PORTRÄT |

Der einäugige König

Wie ein Journalist mit Sehbehinderung seinen Weg ins Kölner Domradio schaffte
4. Mai 2023, Dr. Martin Wein

Als Redakteur beim Domradio hat Renardo Schlegelmilch aus den USA, aus Ägypten oder dem Kosovo über religiöse Konflikte berichtet. Dabei ist das Leben für den Kölner schon vor der Haustür ein größeres Abenteuer als für andere Menschen. Er sieht nur mit einem Auge – und damit kaum zehn Prozent.

Der Weg in den Journalismus hat sich trotz der physischen Einschränkung früh ergeben. Als 13-Jähriger hat Schlegelmilch seinen Vater zum Offenen Kanal begleitet und erste Radiosendungen produziert. Das Radiomachen wurde zu seiner Leidenschaft. Über ein FH-Studium kam er anschließend nach Köln zum Domradio, wo er volontierte und bis 2020 freiberuflich arbeitete, ehe es mit der Festanstellung klappte.

Renato Schlegelmilch, von dem der Text handelt, steht auf einem Balkon, im Hintergrund ist die Fassade des Kölner Doms zu sehen.
Arbeitsplatz mit Ausblick auf den Kölner Dom: „Ich habe mich immer als Glückspilz gesehen…“, sagt Renardo Schlegelmilch. | Foto: Martin Wein

Plötzlich furchbar viele Einzelheiten

Mit 21 Jahren machte Renardo Schlegelmilch eine erstaunliche Erfahrung. In einer kniffligen Operation wurde ihm eine Sehne aus dem linken Augapfel entfernt. Denn eine seltenen Erbkrankheit drohte das Auge von innen zu zerreißen. Nicht schön. Nach dem gelungenen Eingriff, bei dem auch die Linse durch ein Implantat ersetzt wurde, musste Schlegelmilch wochenlang mit Sonnenbrille durch die Gegend laufen, auch bei bedecktem Himmel. Die Details, die er jetzt an der Fassade des Kölner Doms entdeckte, die Tausende von Figuren, die Lisenen, Fialen und Dachreiter, dieser ganze überbordende Überfluss verursachte ihm Kopfschmerzen. „Ich habe mich verzweifelt gefragt, wie andere Menschen diese furchtbar vielen Einzelheiten ertragen“, sagt Schlegelmilch. Die geordnete Welt war zum Kosmos voller Ablenkung geworden. Und das sollte normal sein?

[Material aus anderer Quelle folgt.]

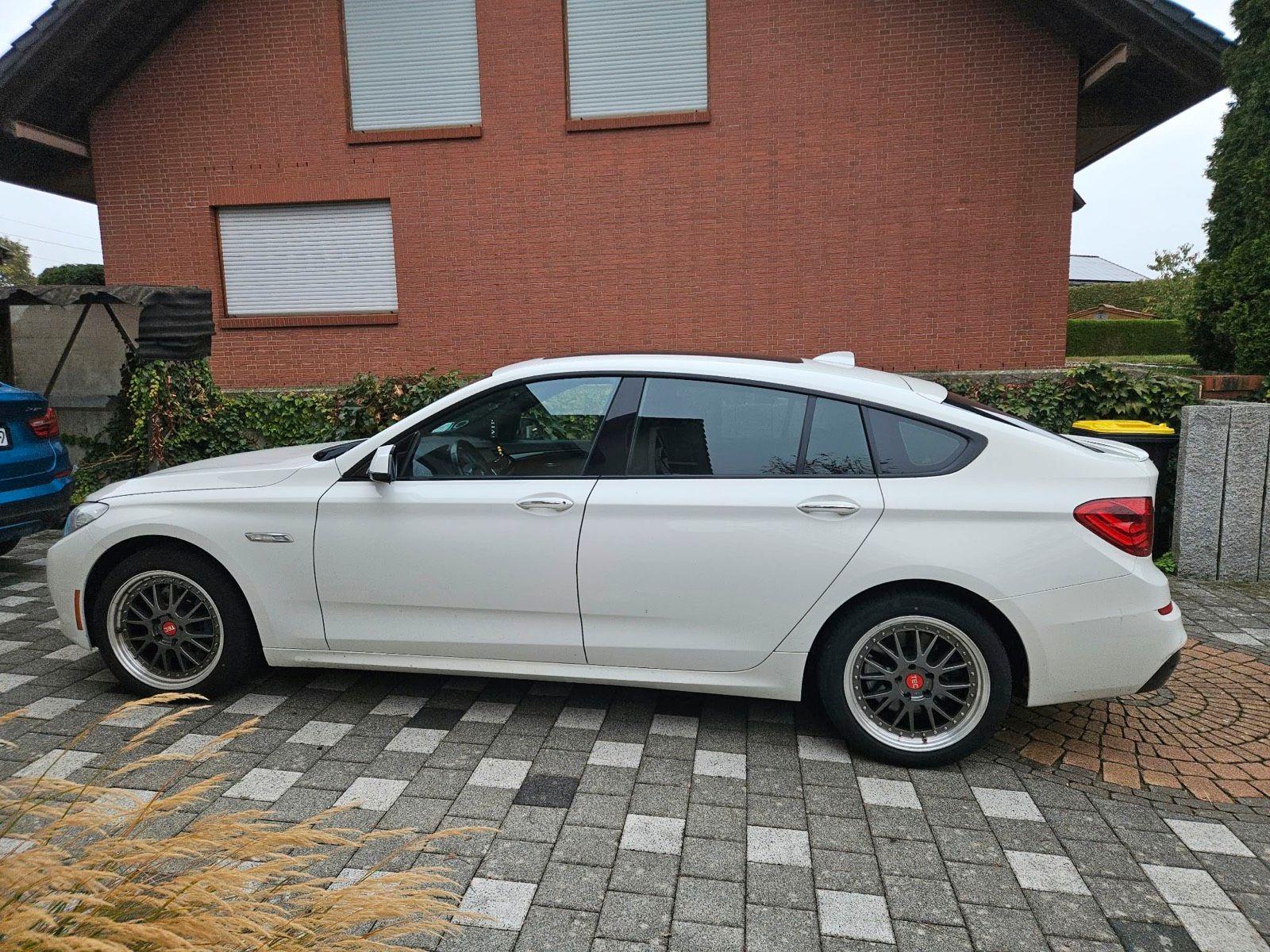 BMW 335 Gran Turismo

13 Jahre später schaut Renardo Schlegelmilch gerne auf den Kölner Dom. Sein Lieblingsplatz dafür ist der fünfte Stock des Domforums gegenüber der Domplatte. Durch eine düstere Seitengasse mit Essensresten auf dem Pflaster gelangt man hin, drückt den klein beschrifteten Klingelknopf an einer unscheinbaren Glastür, fährt mit dem Fahrstuhl hinauf und tritt über eine Schwelle in einem großzügigen Besprechungsraum – Vorsicht Stufe – auf einen Balkon mit Panoramablick.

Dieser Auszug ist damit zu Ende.